5. Review of methodologies, preliminary risk analysis and gaps identification: Methodologies for conducting risk analysis were reviewed, and a preliminary risk analysis of specific scenarios during LH2 transfer operations was conducted to identify gaps and areas for further investigation.
6. List of relevant/existing Regulations, Codes and Standards (RCS) and bodies: A comprehensive list of relevant RCS and regulatory bodies was compiled to ensure alignment with industry regulations and standards for LH2 transfer operations.
7. Support of LH2 fire & explosion tests via modelling: Computational models were selected to support LH2 fire and explosion tests to provide valuable insights into potential hazards and mitigation strategies.

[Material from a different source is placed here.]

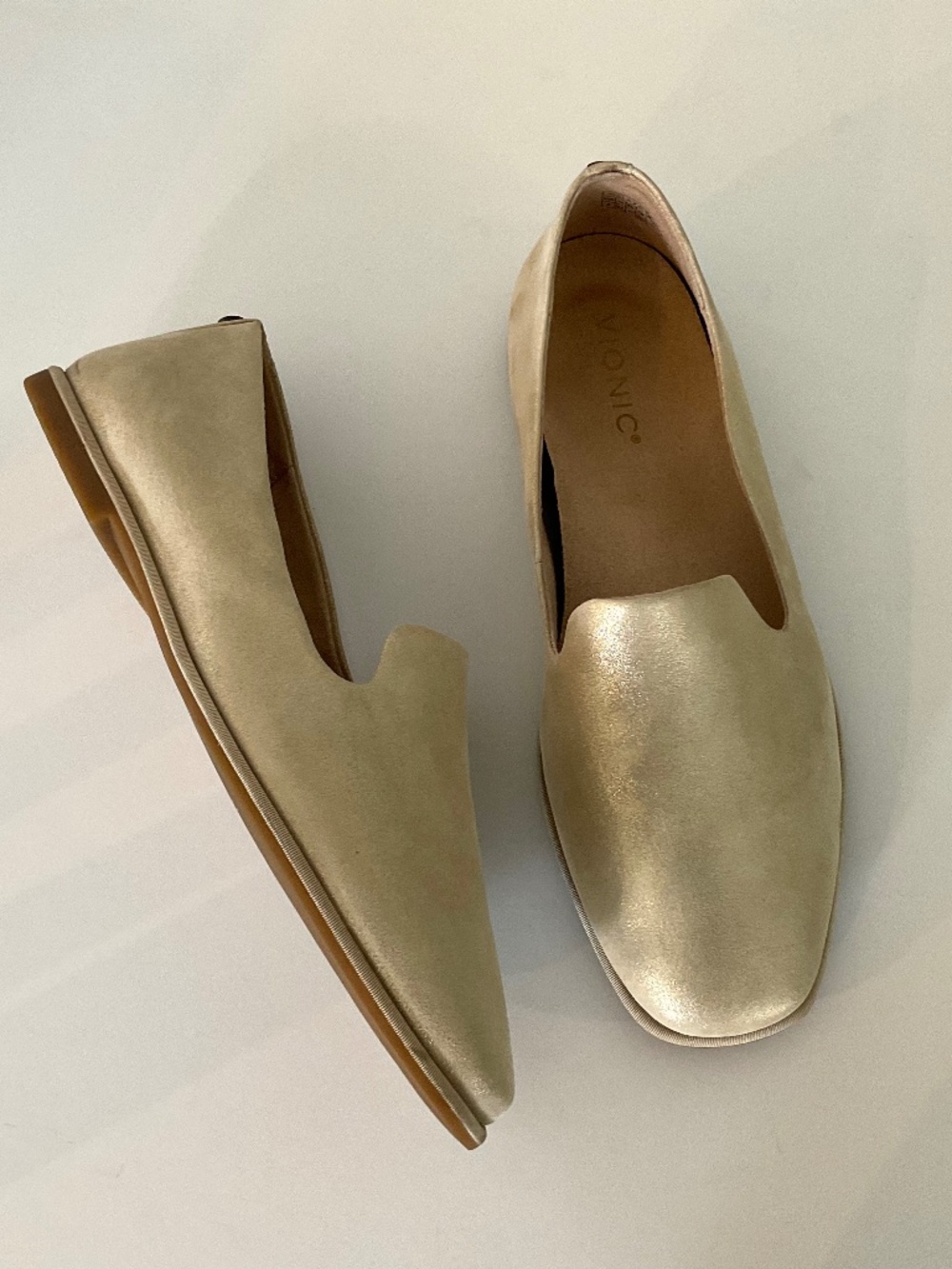 VIONIC Willa 2.0 Slip-On Leather Loafer in Shimmering Pale Gold Size 9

These models will be used to simulate various scenarios and assess their impact on safety.
8. Experiment setup and test readiness review on fire and Boiling Liquid Expanding Vapor Explosion (BLEVE) tests on LH2 hose tests: Experimental setups were designed and reviewed for conducting fire and BLEVE tests on LH2 hoses. Test readiness was assessed to ensure safety and effectiveness before conducting the experiments.
9. Hazard identification for LH2 transfer operations: Detailed hazard identification was carried out for LH2 transfer operations, highlighting potential risks and proposing strategies for mitigation to enhance safety.
Overall, these achievements represent significant progress towards enhancing the safety and efficiency of LH2 transfer operations, contributing to the objectives of the ELVHYS project.
The ELVHYS project aims to provide a supportive regulatory and standardisation framework. Additional results will be updated at a later stage.